Remember the scene in “Christmas Vacation” when Clark W. Griswold finally gets the Christmas lights on his house to work? It kind of felt like that.
That security guard must have thought that because Michelle Rodriguez was talking to me, less than a minute before, that we were either friends or at least on the same VIP list together. After that wonderful security angel spoke and the trumpets of victory blasted loud and proud inside my head, after I skipped level 2 and was going right into level 3, myself and some of the others from the Cage crew were forced to turn in our phones. No cameras? No problem. Here’s my phone. Smash it. I don’t care. They put everyone’s phone inside these soft, green clothed magnetized pouches that we got to keep on ourselves for the show then, at the end of it, they’d unlock them for us. I was then quickly ushered inside The Troubadour. Was this really happening? All I could keep thinking to myself was to keep my wrists hidden underneath my jacket sleeves. If anyone saw that I didn’t have a wristband, I’d be screwed. This could still all go tits up. Keep the wrists down. Another reason I couldn’t breathe a sigh of relief just yet was because the second I got into the crowd on the venue floor, I was spotted. Not from security, but from some fellow gunners who were at Tower Records earlier that day and had seen my failed attempt to get in with my lime green napkin. They stared at me wide eyed but with smiles. They knew. I knew they knew. Then they spoke, “Dude. Just tell us. How did you do it? We saw you try everything. We’re not gonna rat you out. Just tell us.” I couldn’t risk it. I still didn’t believe it was happening. I immediately gave them a kind smile, took off into the audience then yelled back to them, “I’m just grateful to be here!”
And I was. I truly was. I found a spot that was center left to the stage. As I stood there in a soon to be sweaty pack of true blue, dedicated, hardcore GNR fans, I stared at the glowing neon blue TROUBADOUR sign hanging above the iconic Guns N’ Roses bullet logo banner. That neon blue light was talking to me. It said, “You did it”. But even then I couldn’t fully believe it. I continued to keep my wrists down for fear that I was standing next to someone who had waited for hours at Tower Records. It soon didn’t matter because I quickly became buddies with two dudes who were in equal amazement of the show that was about to happen. We were all so excited but, beside us, there was a tall, quiet, semi “too cool for school” type guy who didn’t appear to share the same enthusiasm as we did. “Whatever” I thought, “not everyone has to be as excited as us.”
Then the lights went down.
Every inch of The Troubadour screamed joyously. For minutes, we kept cheering louder and louder.

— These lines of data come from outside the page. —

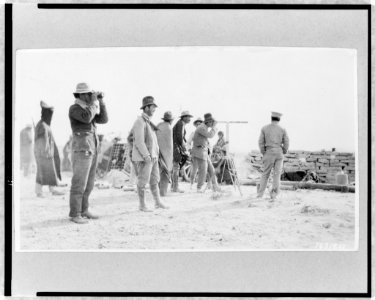 Mexico, Federalists at Ojinaga, watching advance of rebels LCCN97508907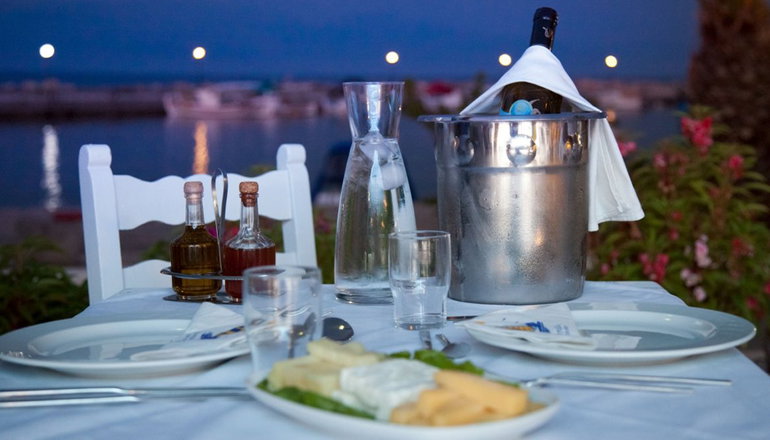 Akroyali Hotel -  Άγιος Ανδρέας, Μεσσηνία
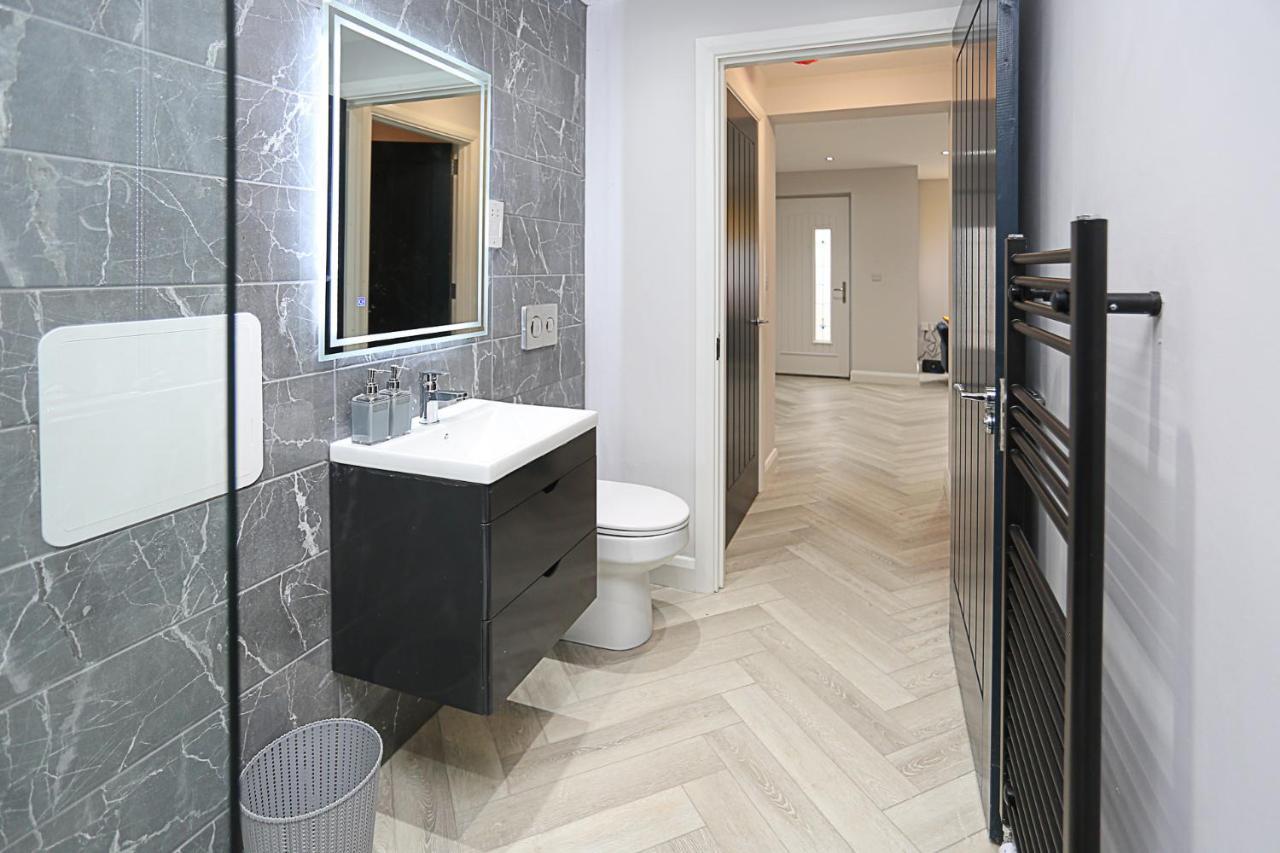 בלפסט No1 Luxury Service Apartments מראה חיצוני תמונה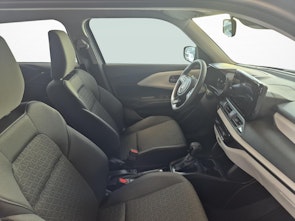 Fahrzeugbild SUZUKI Swift 1.2 Sakura Hybrid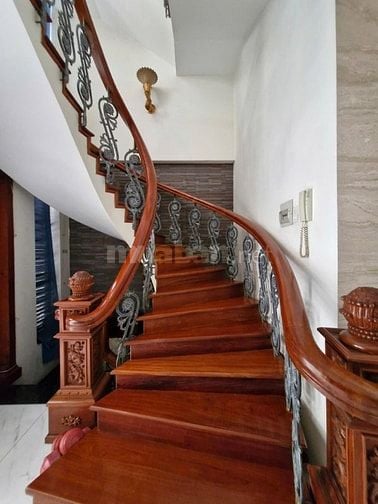 Biệt thự mặt tiền Long Hưng 179m2, 8x27m, H-5 lầu, 40 tỷ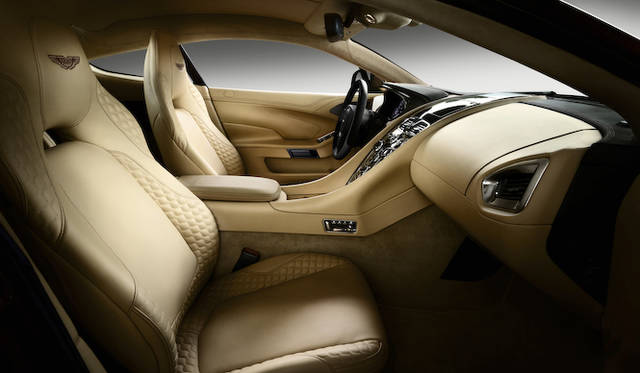 <strong>Aston Martin Vanquish｜アストンマーティン ヴァンキッシュ </strong>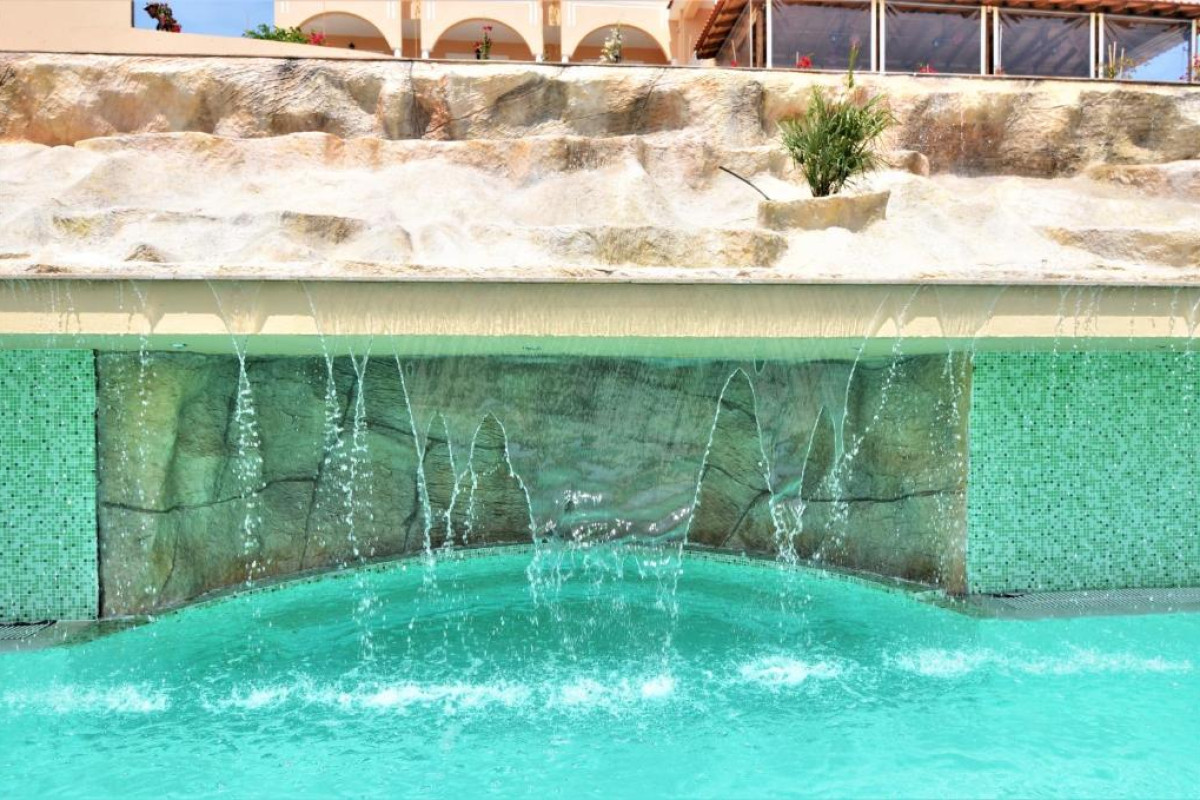 Grand Beach Hotel(DE STERS)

Then Slash took the stage.
Louder.
Then Duff.
Even Louder.
Then Axl.
Officially deaf.
As I screamed and jumped louder and higher and more victoriously than I ever had in my entire life, I glanced to the tall, quiet guy next to me. My smile grew as much as my face could contain as I saw that he now had both hands pressed against his cheeks, screaming at the top of his lungs, “OH MY GOD! OH MY GOD!” For the rest of the show, we were all thinking (and screaming) the same thing:
“I can’t believe it. It’s really happening and I’m here.”